The Wisdom of Repugnance
Engineering Life: The Dog that Didn’t Bark in the Night:
…Erwin Chargaff, an eminent Columbia University biologist, called genetic engineering “an irreversible attack on the biosphere.”“The world is given to us on loan,” he warned. “We come and we go; and after a time we leave earth and air and water to others who come after us. My generation, or perhaps the one preceding mine, has been the first to engage, under the leadership of the exact sciences, in a destructive colonial warfare against nature. The future will curse us for it.”
At the same time, people warned that we were doing the unnatural, something that humans were not meant to do. “We can now transform that evolutionary tree into a network,” declared Robert Sinsheimer, a biologist at the University of California, Santa Cruz. “We can merge genes of most diverse origin–from plant or insect, from fungus or man as we wish.”
It was not a power that Sinsheimer thought we could handle. “We are becoming creators–makers of new forms of life–creations that we cannot undo, that will live on long after us, that will evolve according to their own destiny. What are the responsibilities of creators–for our creations and for all the living world into which we bring our inventions?”
Labels: Bioethics





Chargaff also said (from memory), re Watson and Crick, “That midgets such as these cast long shadows only shows that it is late in the day.” (Heraclitean Fire)
Do-it-yourself religions always seem so thin, don’t they?
Apparently it was a breakthrough for science, but drinking vomit seems repugnant to me.
On the bright side, if we blur the genomes of a thousand species together, after angry Gaia smites us, the first set of Intelligent Design theorists to come along will have some real science to do!
As opposed to the Judeo-Christian idea that mankind, as the steward of nature, is tasked with improving an imperfect creation.

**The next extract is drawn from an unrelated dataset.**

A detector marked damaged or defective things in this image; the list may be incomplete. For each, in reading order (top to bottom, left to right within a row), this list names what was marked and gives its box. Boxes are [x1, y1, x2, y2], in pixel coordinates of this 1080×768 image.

I still fail to understand why many scientists are obsessed with ID/creationists, who are misinformed but pose little if any practical threat to science or technology; yet the same scientists ignore the massive negative impact of earth-worshippers on the technical and economic growth of human society–and on the health and welfare of the world’s poor.
Both groups are guided by religious values (non-rational awe at a supposed universal agent and source of all value). Yet the latter have effectively slowed down technologies that are desperately needed, e.g. to feed the world, while the former have merely tried (unsuccessfully) to expose schoolchildren to a pablum version of their religious views–children who are being exposed to earth-worship pablum in official curriculums from earliest childhood.
Gaia indeed. Even has a mythological personal name, in contrast to the universalized “Lord” and “God” of the Hebrew Bible. (The personal name Yhvh, relic of a pre-Biblical tribal period, is utterly taboo for Jews, and is totally ignored by 99% of Christians.)
This all makes me believe that the drive toward religion is universal. But I’d prefer to rely on Christian evangelical environmentalists, who put the welfare of the world’s poor ahead of the sanctity of species. (By the way, the latter can also be inferred in a handful of Biblical passages agaisnt mixing, which Christians ignore and Jews all but ignore.)